FROM THE COURT OF APPEALS OF VIRGINIA 
 
In this workers’ compensation case, the sole issue at this 
stage of the appellate process is whether the Uninsured 
Employer's Fund is liable for payment of compensation for a 
claimant’s occupational disease upon the ground that the 
claimant’s employer violated Code § 65.2-801(A)(1).  The 
statute, a part of the Workers’ Compensation Act, requires every 
employer to “secure his liability thereunder” by “[i]nsuring and 
keeping insured his liability” under the Act. 
Appellee Harold C. Mounts, the claimant, while working as a 
coal miner for appellee Greasy Creek Coal Company, the employer, 
suffered a disabling, compensable back injury in an industrial 
accident on October 12, 1988.  On that date, the employer was 
insured by Rockwood Insurance Company, an insurer authorized to 
transact the business of workers’ compensation insurance in the 
Commonwealth, as required by former Code § 65.1-104.1(A)(1), now 
§ 65.2-801(A)(1).  The claimant stopped working because of the 
disability, and the insurer began paying benefits. 
 
In August 1991, a Pennsylvania court declared the 
insurer insolvent, and liquidation proceedings commenced.  All 
persons with claims against the insurer were required to file 
their claims with the court’s liquidator by August 26, 1992. 
 
In August 1991, appellee Virginia Property and Casualty 
Insurance Guaranty Association, pursuant to Code § 38.2-1606, 
began paying Mounts’ award for the October 1988 accidental back 
injury because, at the time of the insurer’s insolvency, 
Rockwood had been paying the award.  The Guaranty Association, 
established by statute to “provide prompt payment of covered 
claims to reduce financial loss to claimants” resulting from an 
insurer’s insolvency, § 38.2-1600, is obligated to pay such 
claims that existed prior to the insolvency determination.  
§ 38.2-1606(A)(1). 
 
On September 15, 1993, an x-ray report indicated that the 
claimant was suffering from coal workers’ pneumoconiosis.  Nine 
days later, he filed with the Workers’ Compensation Commission a 
claim for benefits for that occupational disease, naming Greasy 
Creek Coal Company as his last employer. 
 
Subsequently, at a January 1996 hearing, a deputy 
commissioner found “that claimant received a communication of 
diagnosis of occupational disease on September 15, 1993.”  The 
deputy denied the claim, however, ruling that it was barred by 
the applicable statute of limitations. 
 
2
 
Upon review, the full Commission reversed the deputy’s 
ruling, finding the claim was timely.  Turning to the merits, 
the Commission determined that the date of claimant’s last 
injurious exposure to the hazards of the disease was October 12, 
1988, while he was employed by Greasy Creek.  The Commission 
ruled that the claimant’s “pneumoconiosis is compensable as an 
occupational disease” under Code § 65.2-400. 
 
Next, the Commission considered whether the Guaranty 
Association “is responsible for payment of the claim.”  The 
Commission concluded that because the September 1993 claim was 
filed after the August 1992 deadline established during the 
liquidation proceedings, the claim was not “covered” and the 
Guaranty Association was “not responsible for paying benefits to 
this claimant.” 
 
Continuing, the Commission ruled, without assigning a 
reason, that the Uninsured Employer’s Fund “is responsible for 
this claim.”  Thus, the Commission entered an award against 
Greasy Creek and the Fund for payment of disability benefits at 
the weekly rate of $451 for a period of 50 weeks, plus medical 
benefits.  
 
The Fund appealed, and a panel of the Court of Appeals 
unanimously affirmed the Commission.  Uninsured Employer’s Fund 
v.
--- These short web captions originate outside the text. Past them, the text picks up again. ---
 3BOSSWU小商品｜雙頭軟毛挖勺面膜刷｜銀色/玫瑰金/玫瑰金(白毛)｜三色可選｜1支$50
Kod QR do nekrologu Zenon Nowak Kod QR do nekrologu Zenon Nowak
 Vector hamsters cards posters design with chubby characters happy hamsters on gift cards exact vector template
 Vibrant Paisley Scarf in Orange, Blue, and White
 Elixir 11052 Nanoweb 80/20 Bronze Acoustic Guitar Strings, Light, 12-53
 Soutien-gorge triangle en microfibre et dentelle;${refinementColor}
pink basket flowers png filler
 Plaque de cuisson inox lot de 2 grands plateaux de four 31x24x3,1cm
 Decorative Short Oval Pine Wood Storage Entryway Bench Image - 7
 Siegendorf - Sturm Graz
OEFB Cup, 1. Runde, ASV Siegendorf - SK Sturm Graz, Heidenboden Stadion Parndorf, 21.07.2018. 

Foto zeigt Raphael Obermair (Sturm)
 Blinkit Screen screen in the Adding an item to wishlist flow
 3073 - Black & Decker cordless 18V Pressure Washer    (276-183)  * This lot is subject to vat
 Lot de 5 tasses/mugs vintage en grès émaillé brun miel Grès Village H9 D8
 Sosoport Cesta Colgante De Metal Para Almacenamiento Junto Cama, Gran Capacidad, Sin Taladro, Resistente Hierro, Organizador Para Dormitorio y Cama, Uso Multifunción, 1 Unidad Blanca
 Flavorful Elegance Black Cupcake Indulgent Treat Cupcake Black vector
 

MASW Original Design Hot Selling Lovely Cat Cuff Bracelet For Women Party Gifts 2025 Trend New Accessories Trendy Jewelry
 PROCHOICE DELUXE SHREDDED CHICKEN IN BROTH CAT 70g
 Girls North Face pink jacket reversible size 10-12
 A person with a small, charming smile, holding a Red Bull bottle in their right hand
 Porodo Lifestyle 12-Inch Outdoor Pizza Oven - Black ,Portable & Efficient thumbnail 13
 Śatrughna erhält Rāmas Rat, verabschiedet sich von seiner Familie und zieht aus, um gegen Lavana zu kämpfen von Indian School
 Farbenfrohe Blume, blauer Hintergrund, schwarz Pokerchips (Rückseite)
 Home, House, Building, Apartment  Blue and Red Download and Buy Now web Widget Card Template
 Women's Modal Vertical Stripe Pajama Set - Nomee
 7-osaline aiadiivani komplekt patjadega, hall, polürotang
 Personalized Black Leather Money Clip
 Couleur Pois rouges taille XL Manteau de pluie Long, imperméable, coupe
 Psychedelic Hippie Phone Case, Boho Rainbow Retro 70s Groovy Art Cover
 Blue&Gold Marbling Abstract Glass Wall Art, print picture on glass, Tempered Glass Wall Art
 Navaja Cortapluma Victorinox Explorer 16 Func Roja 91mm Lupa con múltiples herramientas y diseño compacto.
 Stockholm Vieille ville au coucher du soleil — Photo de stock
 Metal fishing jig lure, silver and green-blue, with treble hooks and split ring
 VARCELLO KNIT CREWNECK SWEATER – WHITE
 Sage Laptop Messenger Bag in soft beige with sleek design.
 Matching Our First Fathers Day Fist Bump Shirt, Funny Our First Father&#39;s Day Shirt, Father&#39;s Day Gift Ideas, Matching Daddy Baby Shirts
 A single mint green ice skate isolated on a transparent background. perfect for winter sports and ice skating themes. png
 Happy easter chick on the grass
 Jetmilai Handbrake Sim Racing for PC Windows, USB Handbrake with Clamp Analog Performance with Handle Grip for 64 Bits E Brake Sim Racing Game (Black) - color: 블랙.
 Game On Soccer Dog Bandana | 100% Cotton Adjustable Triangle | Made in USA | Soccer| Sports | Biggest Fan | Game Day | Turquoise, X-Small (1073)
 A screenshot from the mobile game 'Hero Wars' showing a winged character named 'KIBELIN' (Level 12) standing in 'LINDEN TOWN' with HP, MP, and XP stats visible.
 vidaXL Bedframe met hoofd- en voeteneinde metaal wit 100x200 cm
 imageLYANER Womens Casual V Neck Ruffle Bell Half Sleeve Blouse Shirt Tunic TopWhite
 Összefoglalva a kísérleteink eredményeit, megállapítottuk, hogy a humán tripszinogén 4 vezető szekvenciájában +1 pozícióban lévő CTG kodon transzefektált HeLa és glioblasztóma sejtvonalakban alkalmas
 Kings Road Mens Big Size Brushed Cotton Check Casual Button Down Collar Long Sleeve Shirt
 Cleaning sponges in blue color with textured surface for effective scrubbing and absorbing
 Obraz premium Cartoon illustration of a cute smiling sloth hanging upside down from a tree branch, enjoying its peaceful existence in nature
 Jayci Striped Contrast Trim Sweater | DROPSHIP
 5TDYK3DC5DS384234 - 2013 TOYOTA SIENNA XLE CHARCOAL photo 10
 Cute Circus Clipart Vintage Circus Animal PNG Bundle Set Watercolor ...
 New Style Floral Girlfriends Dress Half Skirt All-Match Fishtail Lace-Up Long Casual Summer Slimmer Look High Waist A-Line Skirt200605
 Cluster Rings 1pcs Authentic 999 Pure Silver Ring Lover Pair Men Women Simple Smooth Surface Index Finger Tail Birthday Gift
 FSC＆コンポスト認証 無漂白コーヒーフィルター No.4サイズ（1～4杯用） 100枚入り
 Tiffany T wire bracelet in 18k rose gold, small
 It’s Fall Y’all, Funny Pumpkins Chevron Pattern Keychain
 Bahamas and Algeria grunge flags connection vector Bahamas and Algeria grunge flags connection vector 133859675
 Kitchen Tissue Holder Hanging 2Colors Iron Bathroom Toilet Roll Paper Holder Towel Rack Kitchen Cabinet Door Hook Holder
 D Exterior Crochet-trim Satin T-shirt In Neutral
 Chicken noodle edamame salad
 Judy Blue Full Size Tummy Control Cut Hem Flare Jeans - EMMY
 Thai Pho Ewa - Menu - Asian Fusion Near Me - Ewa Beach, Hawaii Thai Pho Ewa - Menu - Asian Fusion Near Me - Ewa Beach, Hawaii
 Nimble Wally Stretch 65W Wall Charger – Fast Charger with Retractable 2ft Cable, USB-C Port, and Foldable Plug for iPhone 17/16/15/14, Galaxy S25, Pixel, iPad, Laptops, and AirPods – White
Mounts, 24 Va. App. 550, 484 S.E.2d 140 (1997).  Among other 
issues, the Court of Appeals determined that the Fund was 
 
3
responsible for payment of benefits to the claimant and that the 
Guaranty Association had no such obligation.  Id. at 557, 484 
S.E.2d at 143.  According to the Court of Appeals, the Fund’s 
liability stemmed from the employer’s violation of Code § 65.2-
801(A)(1) in failing to keep its liability insured.  Greasy 
Creek was not insured on September 15, 1993, the date the 
diagnosis was communicated to the claimant. 
 
The Fund filed a petition for appeal in this Court, 
assigning error to only one of the Court of Appeals’ rulings.  
The Fund’s assignment of error states:  “The Court of Appeals’ 
reliance upon ‘keeping insured his liability’ language in 
§ 65.2-801(A)(1) to make the Uninsured Employer’s Fund liable 
for pneumoconiosis benefits is erroneous.”  Thus, because the 
Fund does not assign as error the Court of Appeals’ holding that 
the Guaranty Association is not liable for payment of the 
claimant’s benefits, the judgment in favor of the Guaranty 
Association is final. 
 
Determining that the Court of Appeals’ decision involves a 
matter of significant precedential value within the meaning of 
Code § 17-116.07(B), we awarded the Fund this appeal from the 
April 1997 judgment below. 
 
Initially, the relevant workers’ compensation statutes must 
be summarized.  Code § 65.2-404 provides that when an employee 
has a compensable occupational disease, “the employer in whose 
 
4
employment he was last injuriously exposed to the hazards of the 
disease and the employer’s insurance carrier, if any, at the 
time of the exposure, shall alone be liable therefor, without 
right to contribution from any prior employer or insurance 
carrier.”  The claimant’s entitlement to benefits for an 
occupational disease, however, accrues on the date of the “first 
communication of the diagnosis.”  Code § 65.2-403(A), formerly 
§ 65.1-49 (1987 Repl. Vol.); Cooper v. Mary E. Coal Corp., 215 
Va. 806, 809, 214 S.E.2d 162, 164-65 (1975). 
 
On the date of this claimant’s last injurious exposure to 
the hazards of pneumoconiosis in October 1988, former Code 
§ 65.1-149(A) (1990 Cum. Supp.) (now § 65.2-1203(A)(2)) 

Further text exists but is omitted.